Problem description: Give the listing again word for word, excluding the pictures it contains.

Data extract:
****************

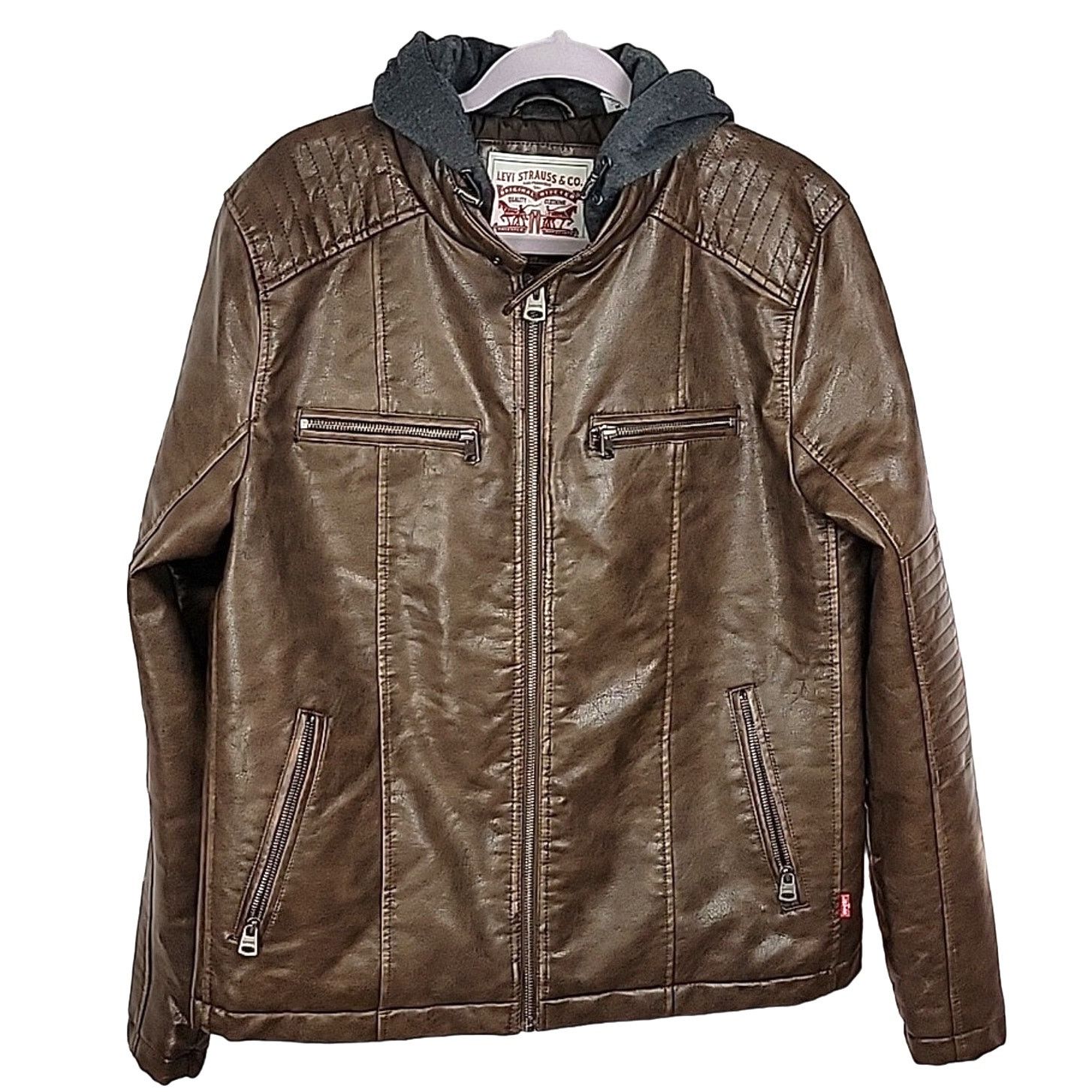 NEW Levis Brown Faux Leather deals Moto Racer Hoody Jacket w/Fleece Lining Size Large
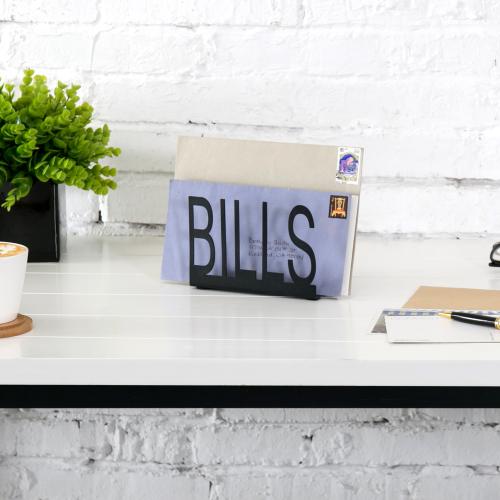 Black Metal Mail Holder w/ Cutout Design BILLS-MyGift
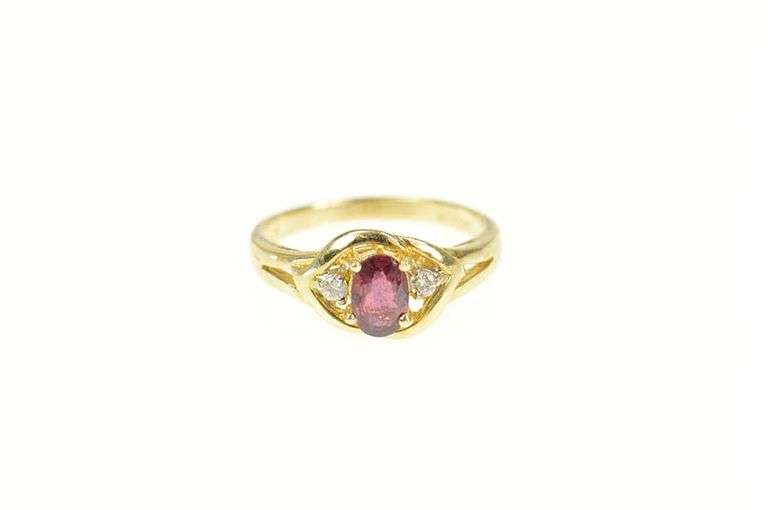 14K Yellow Gold Oval Ruby Diamond Accent Engagement Ring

****************

Task answer:
 NEW Levis Brown Faux Leather deals Moto Racer Hoody Jacket w/Fleece Lining Size Large
 Black Metal Mail Holder w/ Cutout Design BILLS-MyGift
 14K Yellow Gold Oval Ruby Diamond Accent Engagement Ring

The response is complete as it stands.